Our funds come from donations and are currently not enough to support Subud Australia and the commitments we have made internationally and locally. Our finances are really propped up by local members including current/past Chairmen, committee members, and helpers.

 

So these volunteers are not just doing the work, they are also financing it from their own resources.

 

This type of operation above is not sustainable, especially if we need to ask for donations from the same sources. These sources may dry up at some time and then where would we be?

 

We need to re-think the way we move forward in this organisation. I do not have the answers, but I do think I need to highlight that Subud Australia is not running effectively and neither are the local groups. We are too top heavy.  We have built our organisational structure as if we had 5,000 members rather than our current membership base of 400.

 

We have had many workshops looking at ways to grow Subud or make more money. We make resolutions and then do not fund those that we ask to carry out these decisions. I have been to many a congress and heard of resolutions to build halls or organise ways to grow Subud, but we are too small on the ground and perhaps people are getting too busy in their everyday lives to be able to give something back to Subud.

 

The end result is that the people who put in the effort end up accomplishing little and feeling frustrated.

 

If we assess our situation from an asset perspective Subud Australia is very wealthy, but that is on paper. We have a number of properties worth an estimated 10-12 million dollars in total.
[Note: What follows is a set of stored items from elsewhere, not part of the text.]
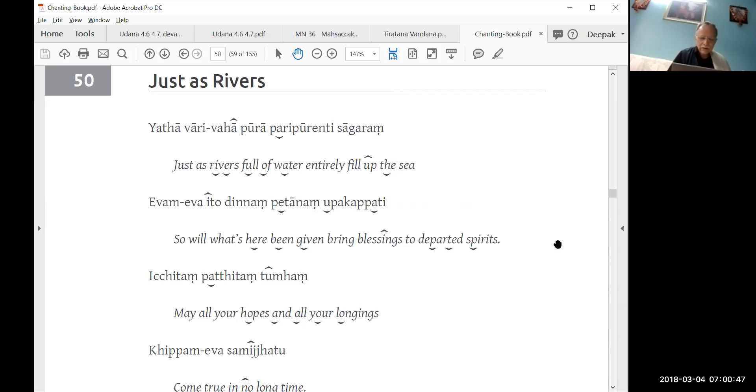This is the traditional chanting which is done by bhikkhus and elderly people when some offering is made to them. So when you make an offering to bhikkhus or food offering especially, then they chant these blessings basically.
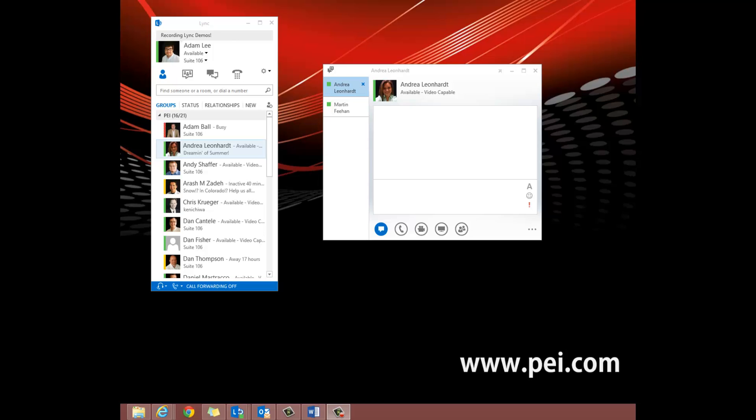The components that Call Park uses are automatically installed and enabled on the front end server or standard edition server when you deploy Enterprise Voice. However, you must configure Call Park before it is available to users.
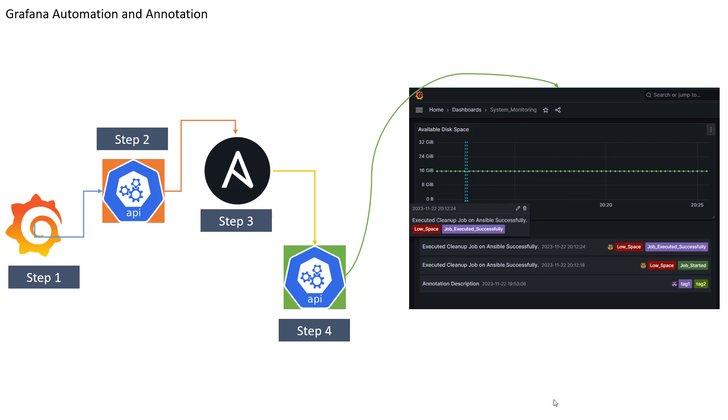Hey everyone, I hope all of you are doing great. So in this lesson we are going to talk about how we can run our automation jobs with the help of Grafana.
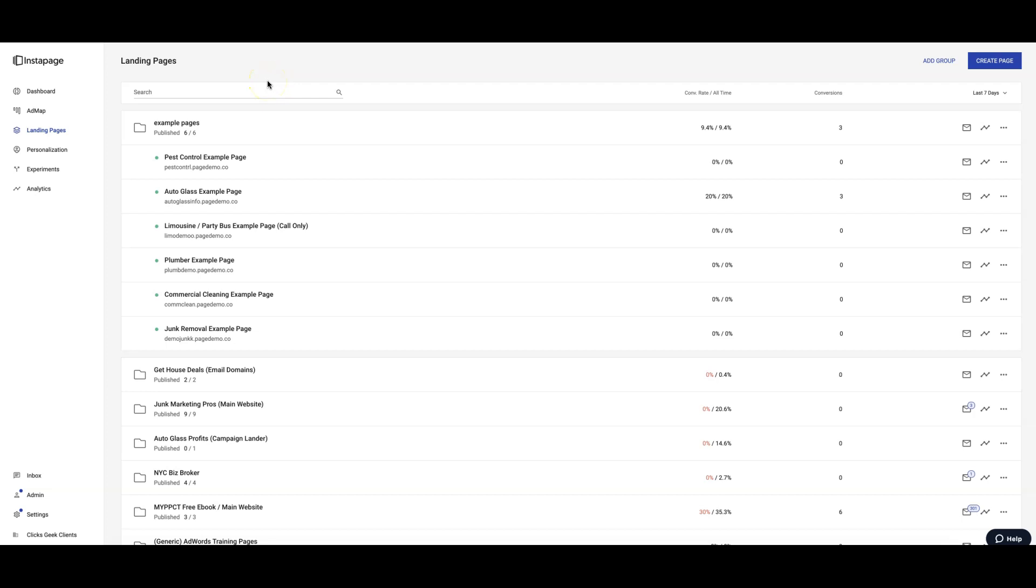What's going on guys, Rob from Clicks Geek, and in today's video we're going to show you how to upload an instant page file into Instant Page, a landing page software. If you have a file for an Instant Page landing page, wherever you got that from doesn't really matter. I'm going to show you how to upload it and make it a live landing page in Instant Page.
However we are not willing to sell them  – even in areas where the membership is shrinking.

 

What do we need to do to make our organisation more effective?

 

•       Charge Membership Fees?

•       Reduce the responsibility of the National Committee?

•       Give the groups more autonomy?

•       Increase the funding and business responsibilities of the National, leaving the  local to focus on the needs of the members?

•       Start to create properly remunerated, long-term administrative positions?

•       Make local chairs/groups responsible for some of the national duties and get rid of the national committee, as we currently know it?

•       Sell our properties?

•       Do something to grow our membership?

 

As our ex Prime Minister John Howard pointed out, Australia has an ageing population. So does Subud Australia. If we do not do something constructive to address this issue, Subud Australia as we know it will cease to exist.

 

I think we need to engage with our local helpers and national helpers to feel our way through to an agreement on a way forward that is based on concrete and realistic objectives.

 

Let’s set out a possible future vision: what Subud would look like with far less administration, far more energy being put into value, and 2400 new members.